■ WHAT YOU HAVE TO DO ■
Please repeat exactly the lines from the one containing "Plum Ultimate III" to the end of the entries below, both included, and omit all pictures.

■ MATERIAL PROVIDED ■
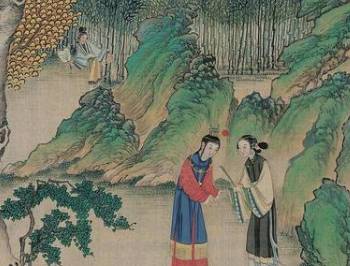 大观园历史图片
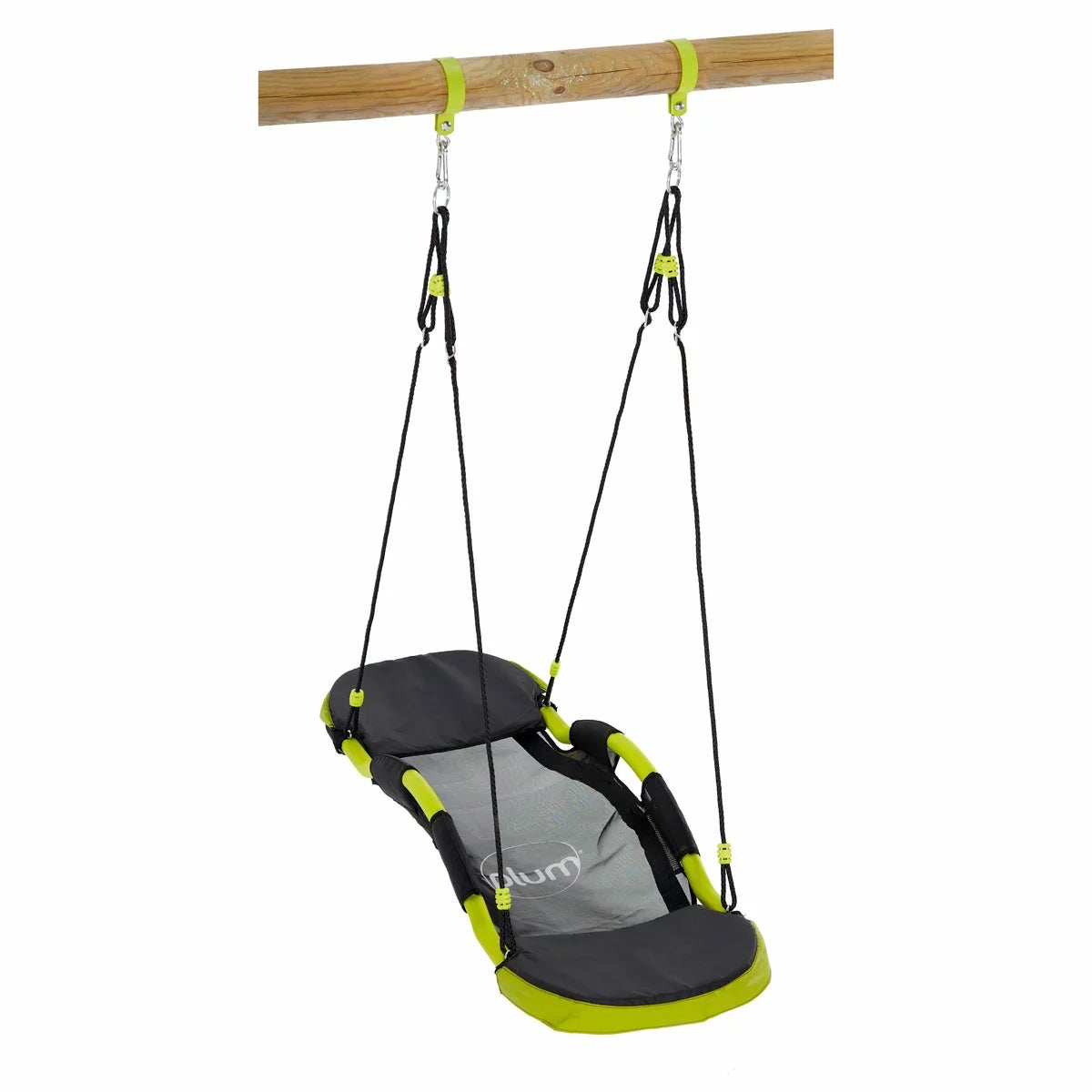 Plum Ultimate III Premium Wood Swing (3-10 Years), view 6
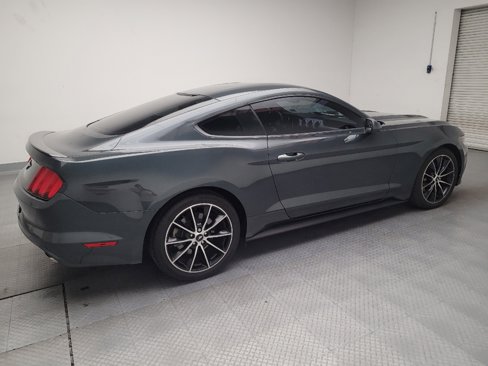 Used 2016 Ford Mustang Coupe w/ Wheel & Stripe Package image 10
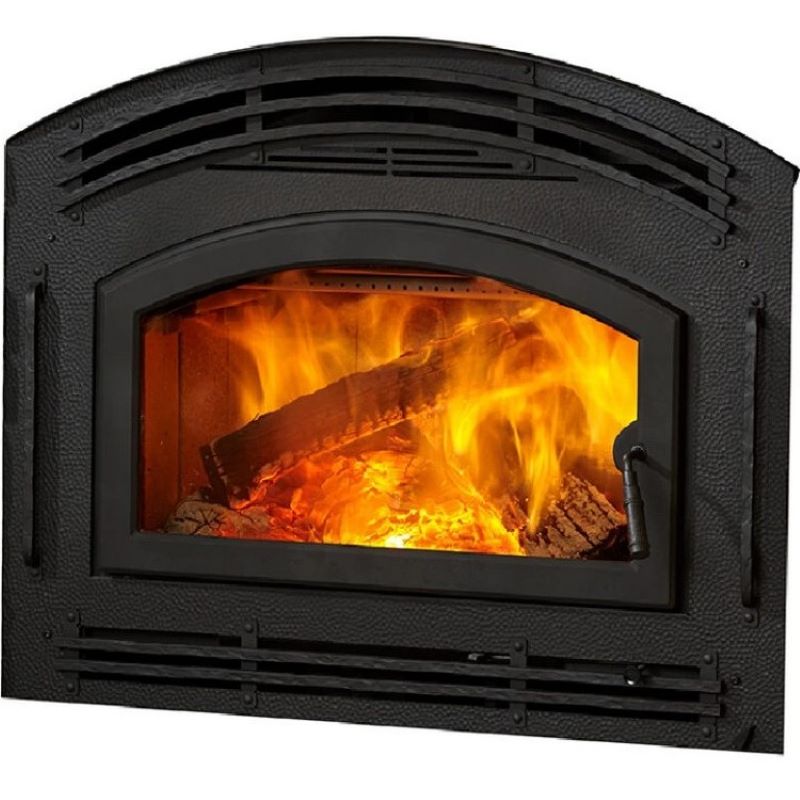 Quadra-Fire Pioneer II Fireplace 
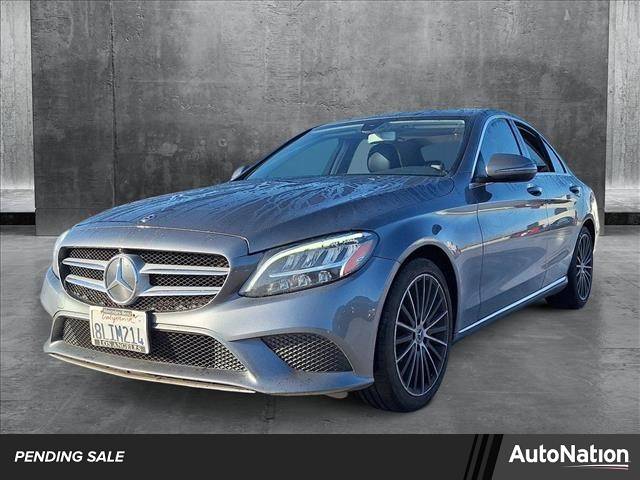 2019 Mercedes-Benz C-Class C 300 — Sedan — 96,476 mi — Cerritos, CA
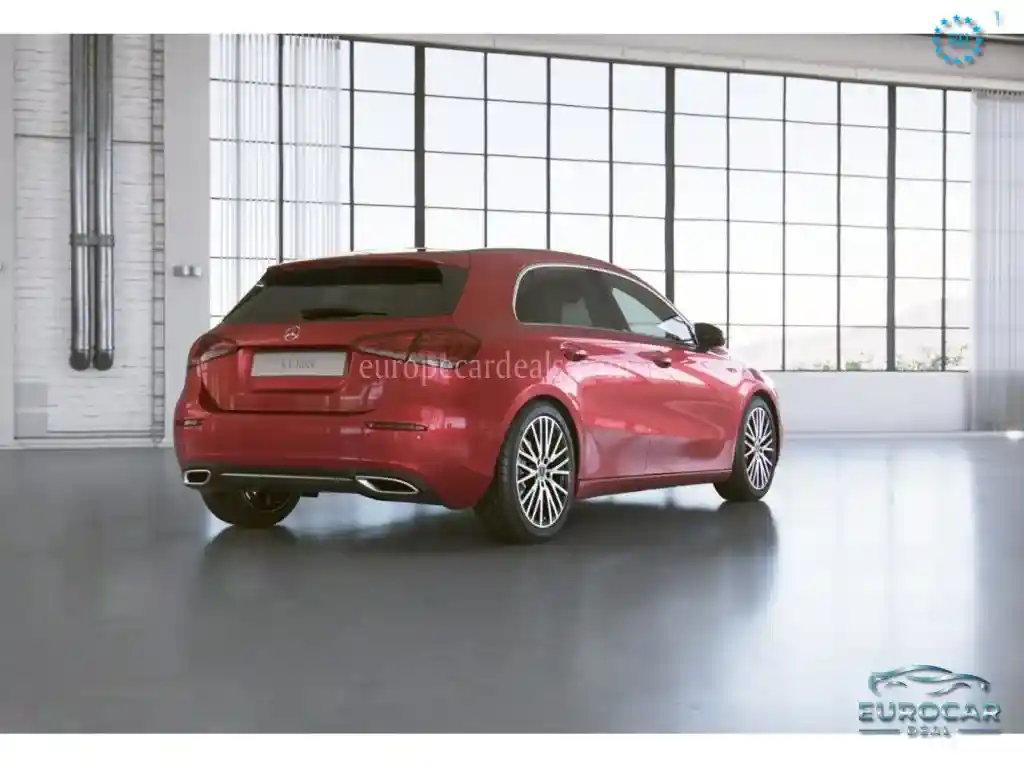 Mercedes-Benz A 200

■ YOUR RESPONSE ■
 Plum Ultimate III Premium Wood Swing (3-10 Years), view 6
 Used 2016 Ford Mustang Coupe w/ Wheel & Stripe Package image 10
 Quadra-Fire Pioneer II Fireplace 
 2019 Mercedes-Benz C-Class C 300 — Sedan — 96,476 mi — Cerritos, CA
 Mercedes-Benz A 200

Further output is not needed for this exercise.